Tidal Basin Ideas Lab
John Hill
27. outubro 2020
Proposals by DLANDstudio, GGN, Hood Design Studio, James Corner Field Operations, and Reed Hilderbrand
The Tidal Basin Ideas Lab has unveiled proposals from five landscape architecture firms – DLANDstudio, GGN, Hood Design Studio, James Corner Field Operations, and Reed Hilderbrand – to reimagine Washington, DC’s Tidal Basin and National Mall.
The Tidal Basin Ideas Lab — initiated by the National Trust for Historic Preservation and the Trust for the National Mall together with the National Park Service and Skidmore, Owings & Merrill — is predicated on the daily floods and aging infrastructure of the 170-acre site immediately south of the National Mall in Washington, DC. The basin is home to a trio of memorials (Thomas Jefferson Memorial, Martin Luther King Jr. Memorial, Franklin Delano Roosevelt Memorial) and every spring its thousands of cherry trees make the National Cherry Blossom Festival a popular event.

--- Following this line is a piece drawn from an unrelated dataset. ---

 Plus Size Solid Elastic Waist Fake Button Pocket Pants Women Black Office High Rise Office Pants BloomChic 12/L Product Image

The five proposals are presented online on the standalone Tidal Basin Ideas Lab website, which has been curated by Donald Albrecht and Thomas Mellins. There, visitors can read about and see images of the designs, but they can also provide feedback on which design strategies are most appealing to them, such as creating wetlands and marshes to restore the landscape's ecology, for instance, or keeping the landscape as it is.
Short video presentations from each firm are embedded below, with design concepts quoted from a National Trust press release.

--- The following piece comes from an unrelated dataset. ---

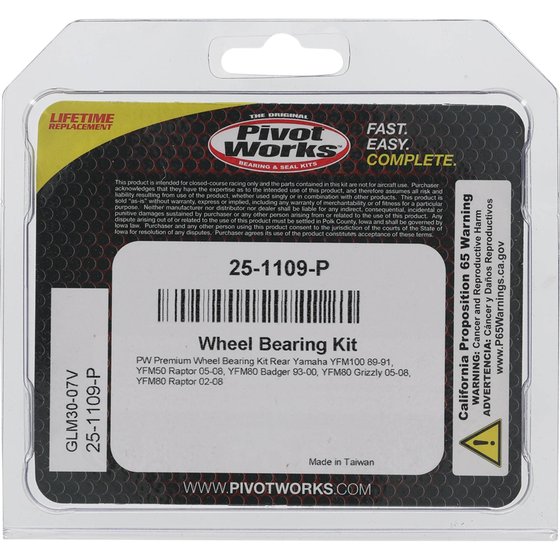 YFM 80 GRIZZLY (2005 - 2008) wheel bearing kit rear | All Balls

Presented by Susannah C. Drake, DLANDstudio's proposal "proposes new physical and visual connections that will reorient the flow of visitors and create new pathways through the basin, including building a land bridge between the Jefferson Memorial and the White House; forming a jetty in the Potomac River off the Lincoln Memorial housing the relocated memorial to Martin Luther King, Jr.; and cultivating sponge park wetlands, a reflective weir and green security wall to protect upland monuments, landscapes, and museums."

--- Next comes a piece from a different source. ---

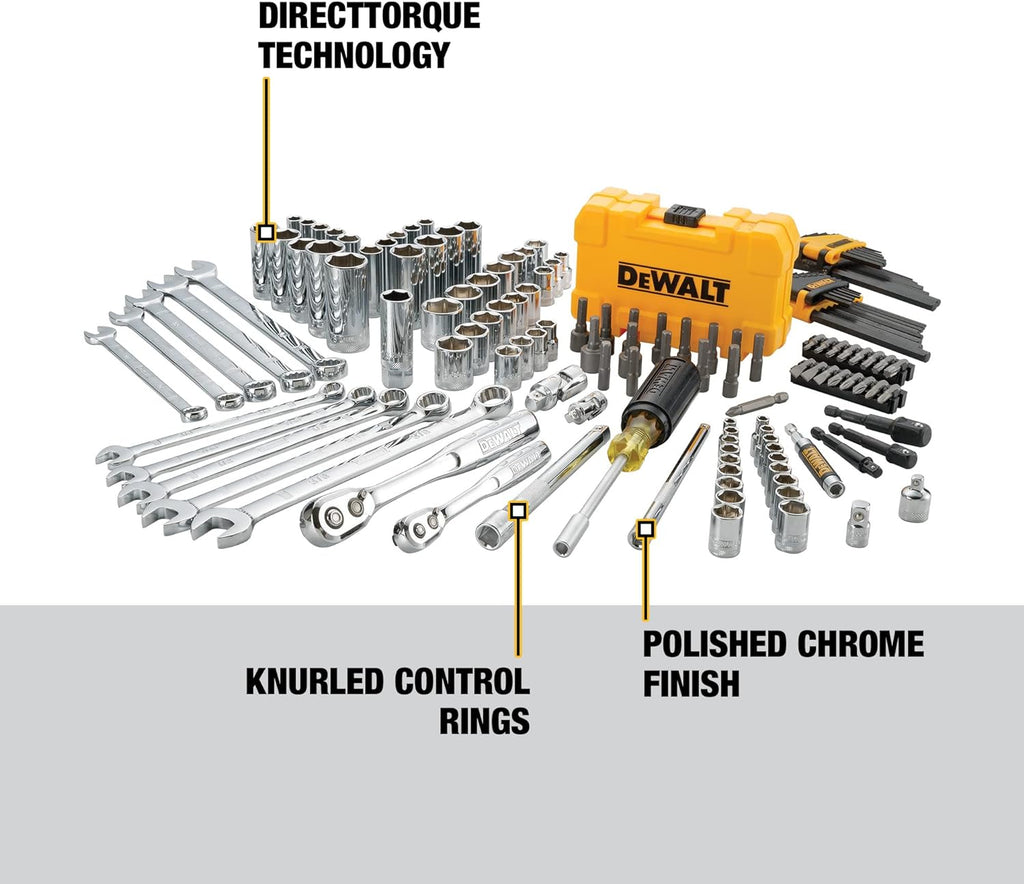 DEWALT Mechanics Tool Kit (DWMT73803) and Screwdriver & Drill Bit Set (DWA2FTS100)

Presented by Kathryn Gustafson, GGN's proposal "envisions a dynamic series of incremental changes that will adapt the site to the environmental challenges of the future and give rise to a new cultural aesthetic. Achieved over three stages between today and 2090, this adaptive plan will accommodate forecasted sea level rise and will integrate regional ecologies to bring an overdue, ecological point of view. Monuments will be adapted, protected, or relocated to ensure the national importance of this collective space."
Presented by Walter Hood, Hood Design Studio's "proposes three 'anthems': 'Tell the Truth!' seeks to replace romantic and baroque design with stories of perseverance and resiliency; 'Let the Waters Be Free' restores narratives of how the wetlands were valued by indigenous and enslaved peoples; and 'Invention: Making New Things' asks if the Tidal Basin can trigger a national ethic that centers on rebuilding our urban ecologies."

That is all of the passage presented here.